People survive multiple stab wounds, gunshots and beatings in The Night Comes For Us. Joe Taslim’s Ito has betrayed his Triad by rescuing a little girl he was supposed to murder along with her village. Fast forward 40 minutes and that same girl is stabbing a man in the neck multiple times as a 10 minute fight scene ends. This same fight scene has a one-legged heroin addict called White Boy Bobby taking on a gang of hatchet-wielding gangsters singlehandedly. Elsewhere Ito is butchering men in, well, a butcher’s shop using cleavers, knives and cow bones. All of these characters have survival on the brain regardless of how close to death they may appear.

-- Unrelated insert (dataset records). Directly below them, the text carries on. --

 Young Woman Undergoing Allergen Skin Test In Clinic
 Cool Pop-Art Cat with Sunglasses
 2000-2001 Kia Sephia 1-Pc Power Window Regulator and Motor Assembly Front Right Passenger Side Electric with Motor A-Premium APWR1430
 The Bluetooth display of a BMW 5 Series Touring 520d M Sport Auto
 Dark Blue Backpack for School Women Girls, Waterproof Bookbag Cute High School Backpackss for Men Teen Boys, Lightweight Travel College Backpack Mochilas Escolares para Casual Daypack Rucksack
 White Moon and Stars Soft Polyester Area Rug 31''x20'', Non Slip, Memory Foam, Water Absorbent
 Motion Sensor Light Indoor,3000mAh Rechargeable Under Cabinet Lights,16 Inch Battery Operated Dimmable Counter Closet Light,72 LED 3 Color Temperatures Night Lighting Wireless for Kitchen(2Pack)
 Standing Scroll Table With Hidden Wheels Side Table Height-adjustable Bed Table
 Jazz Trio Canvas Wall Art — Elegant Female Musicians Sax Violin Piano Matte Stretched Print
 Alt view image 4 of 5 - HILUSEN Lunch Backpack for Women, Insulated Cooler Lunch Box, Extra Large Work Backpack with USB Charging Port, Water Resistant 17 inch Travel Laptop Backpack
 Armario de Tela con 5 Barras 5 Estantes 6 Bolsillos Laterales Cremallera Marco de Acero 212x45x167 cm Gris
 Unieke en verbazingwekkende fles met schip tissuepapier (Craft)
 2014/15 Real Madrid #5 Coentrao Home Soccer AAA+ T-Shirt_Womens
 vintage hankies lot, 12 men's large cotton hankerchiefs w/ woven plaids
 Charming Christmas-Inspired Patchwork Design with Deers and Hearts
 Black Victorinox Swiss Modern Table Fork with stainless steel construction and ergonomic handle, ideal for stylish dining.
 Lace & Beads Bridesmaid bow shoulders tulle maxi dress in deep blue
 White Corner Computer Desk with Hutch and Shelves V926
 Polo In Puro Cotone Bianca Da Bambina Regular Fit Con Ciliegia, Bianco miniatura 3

Elsewhere in the film a woman known only as The Operator – Julie Estelle in her third badass role after Headshot and The Raid 2 – knife fights two other female gangsters. One uses weighted razor wire and the other fights with a curved machete. Throats are cut, guts are spilled and fingers are severed before one woman stands battered but victorious. But it’s the fight between Joe Taslim – a former pro-Judo fighter – and Iko Uwais as his former blood brother turned mortal enemy Arian that enshrines Indonesian action as the most kinetic and brutal cinematic force on Earth.
Strikes in Pencak Silat are delivered using everything available to the fighter. Fists, feet, elbows and knees all come into play but so too do everyday objects. In the final ten-minute fight scene of The Night Comes For Us everything from wrenches to Stanley knives to thumb tacks come into play. Ito and Arian fight in a desperate whirlwind that wrings as much sweat from viewers as it does blood from the two fighters.
It’s hard to draw a comparison outside of any other Indonesian films mentioned here. The only Western example I can think of is the bathroom fight in Mission Impossible: Fallout. Examples in Asia could be Wu Jing’s blow-for-blow face-off with Frank Grillo in Wolf Warrior 2 or Donnie Yen’s MMA-inspired grudge match with Sammo Hung in SPL: Kill Zone. Still all of these lack the sheer teeth-cracking, face-disfiguring nastiness of The Night Comes For Us.
The Raid series gave Indonesian martial arts movies the momentum to start taking the world of action cinema by storm. Headshot was the stunning impact of that momentum and The Night Comes For Us is the flurry of follow-up body blows. Indonesian action movies have been launched into the stratosphere and at the rate they’re going it’ll be a long time before they come back to earth.